↓

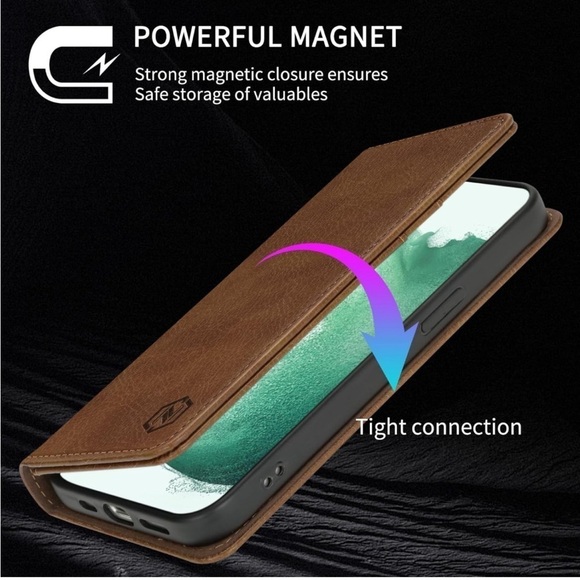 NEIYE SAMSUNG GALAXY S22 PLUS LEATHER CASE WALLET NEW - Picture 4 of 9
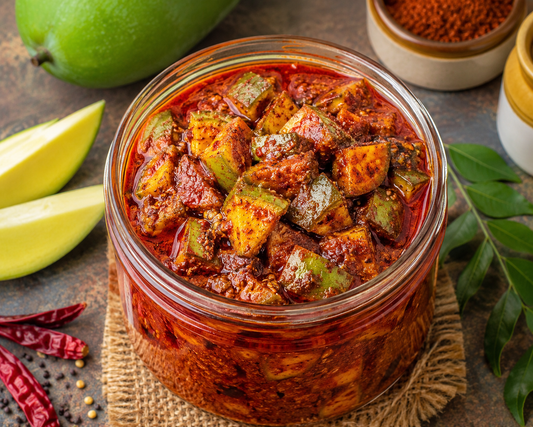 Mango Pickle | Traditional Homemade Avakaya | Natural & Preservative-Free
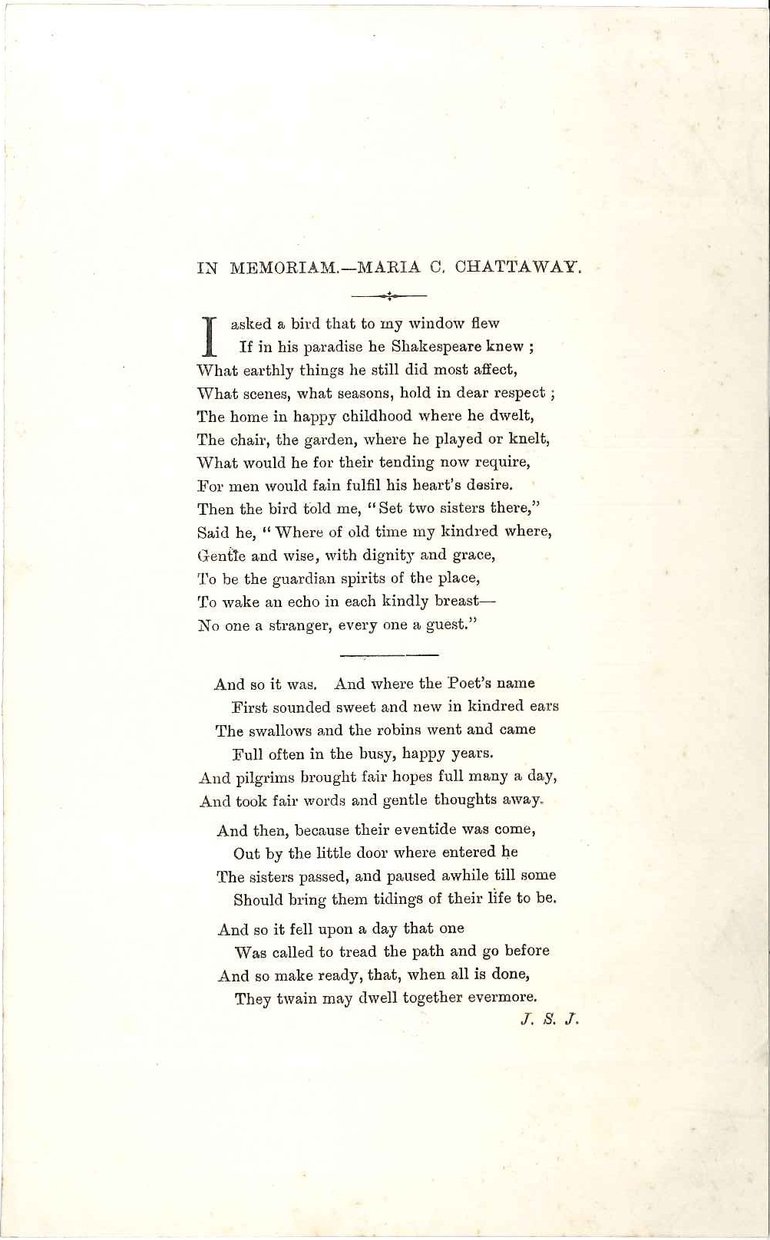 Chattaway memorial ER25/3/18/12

↑
↓

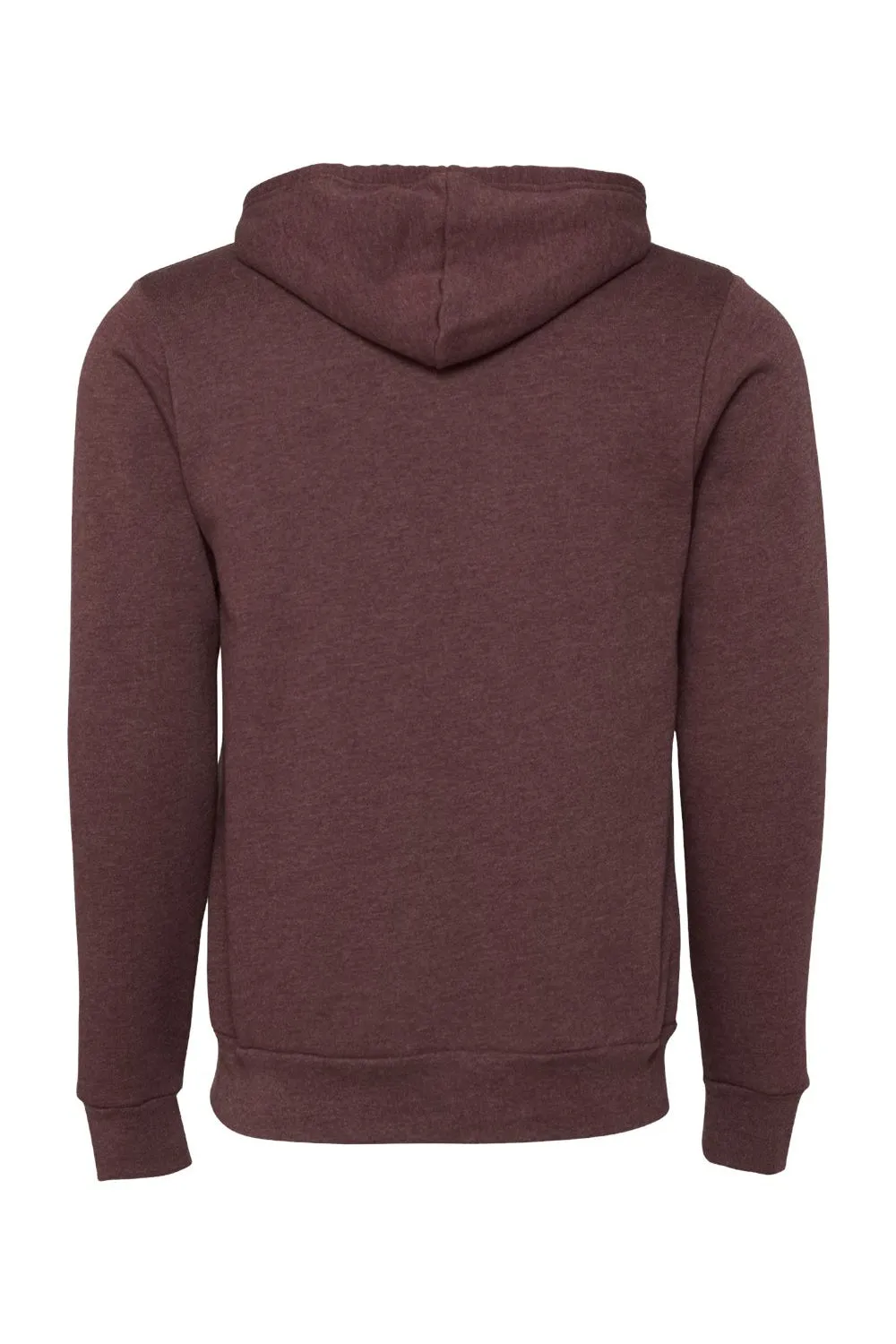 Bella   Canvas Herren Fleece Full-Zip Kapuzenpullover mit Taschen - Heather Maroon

↑
↓

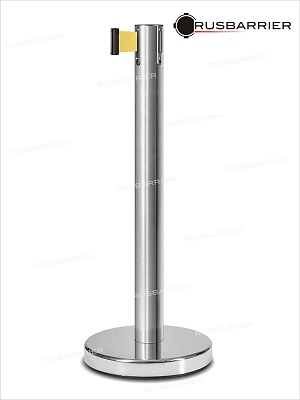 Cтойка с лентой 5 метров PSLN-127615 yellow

↑

Copy only what runs above from the line containing "NEIYE SAMSUNG GALAXY" through the line containing "Chattaway memorial ER25/3/18/12", exactly. Leave out the pictures.

#### [Exercise result]
 NEIYE SAMSUNG GALAXY S22 PLUS LEATHER CASE WALLET NEW - Picture 4 of 9
 Mango Pickle | Traditional Homemade Avakaya | Natural & Preservative-Free
 Chattaway memorial ER25/3/18/12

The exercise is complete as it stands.